Kemudian Allah berfirman, fa aaminuu billaaHi wa rusuliHii (“Karena itu berimanlah kepada Allah dan Rasul-Rasul-Nya.”) Maksudnya, taatilah Allah dan Rasul-Nya serta ikutilah apa yang telah disyari’atkan kepada kalian. Wa in tu’minuu wa tattaquu falakum ajrun ‘adhiim (“Dan jika kamu beriman dan bertakwa, maka bagimu pahala yang besar.”)

Dan firman-Nya, “Janganlah orang-orang yang bakhil dengan harta yang Allah berikan kepadamereka dari karunia-Nya menyangka, bahwa kebakhilan itu baik bagi mereka. Sebenarnya kebakhilan itu adalah buruk bagi mereka.” Artinya, janganlah orang bakhil mengira bahwa harta kekayaan yang ia kumpulkan bermanfaat baginya, bahkan harta itu memberikan mudharat kepadanya dalam agamanya, atau bahkan dalam kehidupan duniawinya. Selanjutnya Allah memberitahukan ihwal kesudahan harta kekayaan itu pada hari Kiamat kelak melalui firman-Nya, sayuthawwaquuna maa bakhiluu biHii yaumal qiyaamati (“Harta yang mereka bakhilkan itu akan dikalungkan kelak di lehernya pada hari Kiamat.”)
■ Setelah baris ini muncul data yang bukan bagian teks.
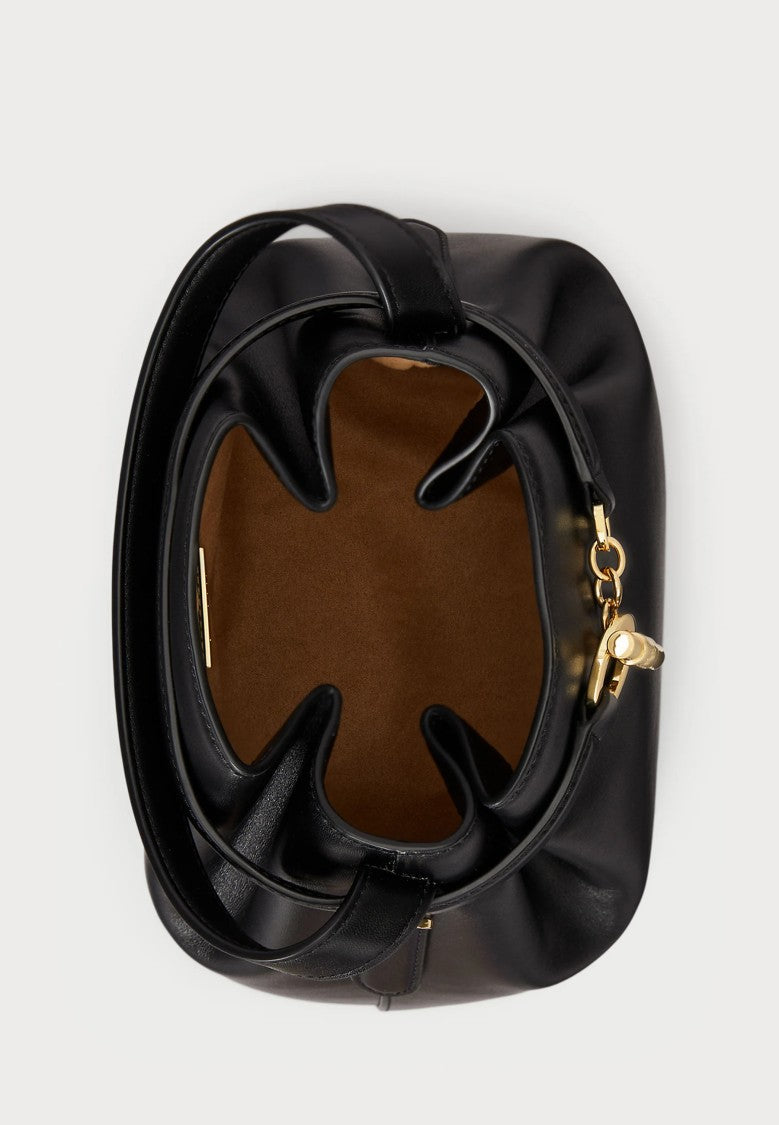 Lauren Ralph Lauren Black Smooth Leather Bucket Bag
Imam Bukhaari meriwayatkan dari Abu Hurairah ra. ia berkata, Rasulullah saw. bersabda: “Barangsiapa diberi harta kekayaan oleh Allah, lalu ia tidak menunaikan zakatnya, maka hartanya akan diperumpamakan baginya seperti seekor ular besar yang mempunyai dua taring yang akan mengalunginya pada hari Kiamat. Kemudian ular itu akan mematuknya dengan dua tulang rahangnya seraya berkata, ‘Aku adalah harta kekayaanmu, aku adalah simpananmu.”‘ Setelah itu Rasulullah membacakan ayat ini, “Sekali-kali janganlah orang-orang yang bakhil dengan harta yang Allah berikan kepada mereka dari karunia-Nya menyangka, bahwa kebakhilan itu baik bagi mereka. Sebenarnya kebakhilan itu adalah buruk bagi mereka. Harta yang mereka bakhilkan itu akan dikalungkan kelak dilehernya di hari Kiamat.”
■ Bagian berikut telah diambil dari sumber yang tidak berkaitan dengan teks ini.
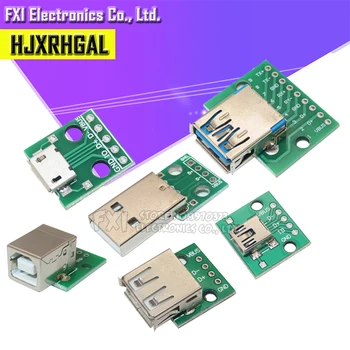 

10PCS USB Male Connector / MINI MICRO USB to DIP Adapter 2.54mm 5pin Female Connector B Type USB2.0 Female PCB Converter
Firman Allah: wa lillaaHi miiraatsus samaawaati wal ardla (“Dan kepunyaan Allah segala warisan [yang ada] di langit dan di bumi.”) Maksudnya, dan nafkahkanlah sebagian dari harta kalian yang Allah telah menjadikan kalian menguasainya, karena tempat kembali semua perkara itu hanya kepada Allah itu, nafkahkanlah sebagian dari harta yang kalian miliki itu yang akan memberikan manfaat kepada kalian pada hari Kiamat kelak. wallaaHu bimaa ta’maluuna bashiir (“Dan Allah mengetahui apa yang kamu kerjakan.”) Yaitu mengetahui segala hal yang ada pada kalian, niat-niat kalian dan hati-hati kalian.